The king nodded. No gray hair nodded with him, though not having viewed himself that morning he could not be certain of that. “Which explains why our people hold such elaborate and energetic funerals. We entertain the immortals in order that they might be persuaded to help us recover the strength and unity stolen from us by death. However — and this occurred to me only last night as I lay abed undreaming — the clan usually succeeds in closing that breach death tore in its defenses, but what of the one who died? In some regions, they believe that he will pop up again in springtime like a crocus, but never have I observed such a blooming. In the past, I have thought: I shall entrust myself to whoever is more powerful in the next world, the gods or the demons. Yet now, my own speedy demise a rising possibility, I do not willingly submit to playing the part of prize in an other-worldly tug-of-war.”

“Is this blasphemy, my lord?”

“I think not. Those who crafted me, be they gods or demons, crafted this mind that shapes my resistance to their schemes. Surely they were wise enough, at the wheel where I was thrown, to anticipate future resistance in the heart they were abuilding.” Alobar looked at her hopefully. “Can you not agree?”

Wren placed her own soft hand upon Mik's coat. At her touch, the huge hound seemed almost to purr. “I can neither agree nor disagree. I came here this dawn a quarter asleep, expecting to have my furrow plowed, only to have you sow in my mind such strange ideas.” She gave her fingers to Mik so that he might affectionately wet them.

“Perhaps,” said Alobar, “I ought to turn to the necromancer for advice.”

“No, no, Alobar. Do not. Please do not.”

“Indeed, why?”

“This is hard for me to express, my lord, but I shall try. The kings of your ancestors have been celebrated around many a bonfire. But celebrated for cunning and for brawn. Wisdom, true knowledge, has been the province of the necromancer alone. You have changed all that, and Noog does not like it. You must forgive what I am about to say, for it is fact. There are men inside these city walls more powerfully built than you, Alobar; more adept with the spear. Men who can run faster, hurl a stone farther, face an awesome enemy with an equal absence of trembling, and pacify a harem with as sturdy a shaft. But you, well, while I cannot imagine how you acquired it, you have a brain. Time and time again, you have demonstrated your unusual ability to see inside of men and to interpret the silent pleas they aim at the stars. In the past, many kings have ruled this people. You have governed them.”

“Governed?”

“It is a Hellenic word—”

“Hellenic.” Alobar closed his eyes and thought of what he had heard of the Hellenic city-states far to the southeast, near the edge of the earth. How glorious they were rumored to have been, how wealthy and learned and proud of their arts. Long ago northern tribes, not unlike his ancestors, had sacked them. What good was righteous governing if rough people could come along at will and chop you up?

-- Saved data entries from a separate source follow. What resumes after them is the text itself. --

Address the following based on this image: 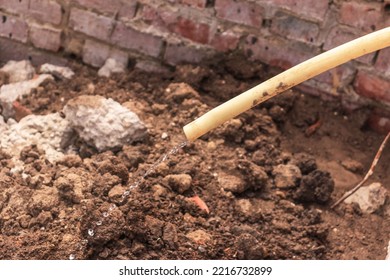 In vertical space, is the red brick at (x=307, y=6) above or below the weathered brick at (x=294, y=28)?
above

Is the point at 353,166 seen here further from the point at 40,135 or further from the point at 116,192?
the point at 40,135

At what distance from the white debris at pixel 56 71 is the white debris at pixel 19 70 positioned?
0.06 meters

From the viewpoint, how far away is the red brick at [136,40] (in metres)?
2.21

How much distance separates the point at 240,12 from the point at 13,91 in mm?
838

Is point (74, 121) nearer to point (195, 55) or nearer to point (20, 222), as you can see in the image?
point (20, 222)

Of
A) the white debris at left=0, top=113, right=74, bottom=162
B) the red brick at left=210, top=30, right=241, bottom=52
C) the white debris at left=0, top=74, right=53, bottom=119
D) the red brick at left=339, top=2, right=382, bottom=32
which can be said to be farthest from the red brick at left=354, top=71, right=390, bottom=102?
the white debris at left=0, top=74, right=53, bottom=119

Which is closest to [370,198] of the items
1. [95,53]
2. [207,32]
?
[207,32]

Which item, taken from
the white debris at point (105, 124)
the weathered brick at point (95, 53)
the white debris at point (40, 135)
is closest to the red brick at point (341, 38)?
the white debris at point (105, 124)

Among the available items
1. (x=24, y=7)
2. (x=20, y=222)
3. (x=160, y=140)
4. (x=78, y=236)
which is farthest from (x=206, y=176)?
(x=24, y=7)

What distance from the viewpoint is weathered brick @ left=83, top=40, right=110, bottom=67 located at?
2.28 m

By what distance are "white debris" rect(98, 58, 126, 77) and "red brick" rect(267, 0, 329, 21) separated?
0.59m

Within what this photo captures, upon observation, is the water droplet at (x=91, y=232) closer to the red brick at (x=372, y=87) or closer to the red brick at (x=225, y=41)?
the red brick at (x=225, y=41) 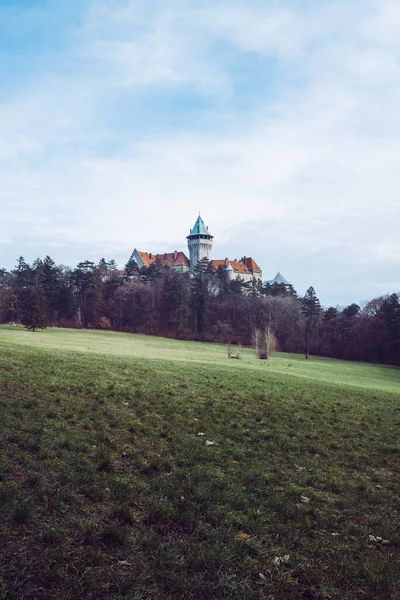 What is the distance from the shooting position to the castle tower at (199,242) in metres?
138

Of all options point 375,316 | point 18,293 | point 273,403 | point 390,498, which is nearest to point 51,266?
point 18,293

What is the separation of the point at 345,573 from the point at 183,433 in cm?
507

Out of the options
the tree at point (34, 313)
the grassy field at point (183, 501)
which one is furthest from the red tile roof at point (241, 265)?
the grassy field at point (183, 501)

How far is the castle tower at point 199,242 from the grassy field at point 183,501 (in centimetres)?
12693

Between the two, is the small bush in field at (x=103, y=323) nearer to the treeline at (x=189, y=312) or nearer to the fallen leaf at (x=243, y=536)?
the treeline at (x=189, y=312)

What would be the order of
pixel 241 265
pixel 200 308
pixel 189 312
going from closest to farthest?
pixel 189 312, pixel 200 308, pixel 241 265

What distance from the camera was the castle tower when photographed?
138 meters

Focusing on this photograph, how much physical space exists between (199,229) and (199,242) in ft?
16.3

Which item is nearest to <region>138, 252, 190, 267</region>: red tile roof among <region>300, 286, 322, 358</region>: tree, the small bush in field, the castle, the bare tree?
the castle

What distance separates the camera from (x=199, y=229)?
139 metres

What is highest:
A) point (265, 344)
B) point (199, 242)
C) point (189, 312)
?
point (199, 242)

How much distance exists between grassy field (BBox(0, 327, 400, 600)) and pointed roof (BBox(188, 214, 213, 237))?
129697 mm

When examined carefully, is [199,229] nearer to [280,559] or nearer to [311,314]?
[311,314]

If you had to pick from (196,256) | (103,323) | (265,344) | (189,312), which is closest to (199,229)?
(196,256) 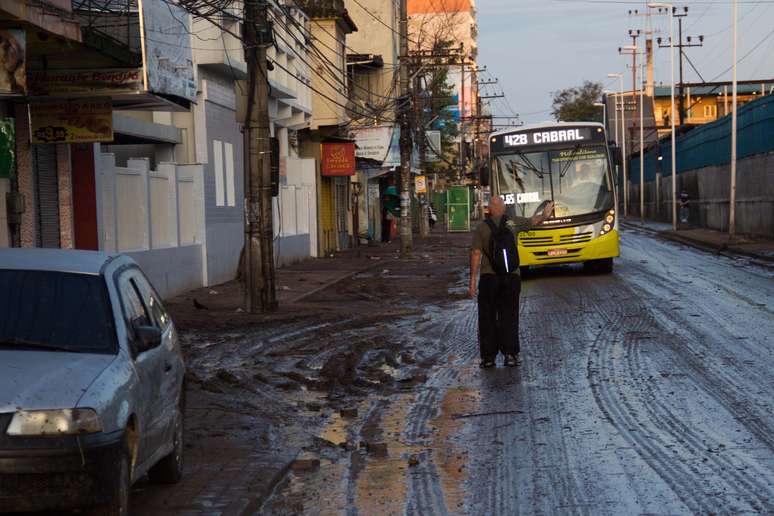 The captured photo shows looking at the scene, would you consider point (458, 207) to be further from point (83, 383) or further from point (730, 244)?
point (83, 383)

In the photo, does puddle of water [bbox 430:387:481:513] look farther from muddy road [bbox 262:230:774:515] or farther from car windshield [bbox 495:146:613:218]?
car windshield [bbox 495:146:613:218]

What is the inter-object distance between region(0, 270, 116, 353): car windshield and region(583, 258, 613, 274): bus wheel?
2200cm

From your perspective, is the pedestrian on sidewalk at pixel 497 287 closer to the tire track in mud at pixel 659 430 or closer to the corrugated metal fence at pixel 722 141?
the tire track in mud at pixel 659 430

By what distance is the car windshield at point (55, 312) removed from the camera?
22.3 feet

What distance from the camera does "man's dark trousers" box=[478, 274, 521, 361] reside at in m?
13.7

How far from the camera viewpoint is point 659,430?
944cm

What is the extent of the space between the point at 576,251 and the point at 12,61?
16274 mm

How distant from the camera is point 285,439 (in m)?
9.80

“—a Hellenic word, meaning to exercise a directing influence. That you have done. The heroics of past rulers only kept your kingdom in a state of agitation. You have calmed it. And Noog resents you for that, because as a result of your reasonable leadership, the necromancer is less necessary and less admired.”

“I am not surprised. There is a limit to the admiration we may hold for a man who spends his waking hours poking the contents of chickens with a stick.”

“Divination has its worth.”

“Yes, and so, perhaps, does the elimination of time-trapped kings. Yet, rebellion stirs within me this daybreak. I appreciate your warning about Noog. Were I to tell him what I am about to tell you, dear Wren, I would be dining on bitter egg ere the moon is ripe. I have seen kings bite that egg, watched them turn green as ivy leaves and flap about the yard like freshly beheaded fowl. And all the while the populace onlooking as if it were at a bear-and-dog match. Now, in the eyes of the stars, men may be no more exalted than beasts, and kingly men no worthier than the wretched. Well, forgive me, perhaps the sap of that silver hair has made me drunk from inside my skull, but I am seized with desire to be something more. Something whose echo can drown out the rattle of death.”

As Wren blinked her bituminous lashes at his queer behavior, Alober stood, disrobed, and turned slowly around and around before her like prime merchandise at a slave market. Save for the occasional phosphorus mark where some blade had stung him, his body was smooth and tan, braided with muscle, supple, quick; neither as massive nor as hairy as many warriors who had marched behind him. His chestnut mane was chopped an inch below the ears, his beard was shaggy and full. Less prominent than her own southern model (maybe there is simply more to whiff in tropic climes), his nose was banded at the bridge with a ribbon of scar tissue. His eyes, bright as torches in an ice cave, were so blue they seemed on certain days to bleed into the sky. Alobar's mouth, what could be glimpsed of it through the whiskers, was thinner than the meaty mouths of his fellows, and at the same time less crude; it reminded Wren of her late father's mouth, and she admired it most of all. On several occasions in his company, she had come within a pucker of discovering kissing.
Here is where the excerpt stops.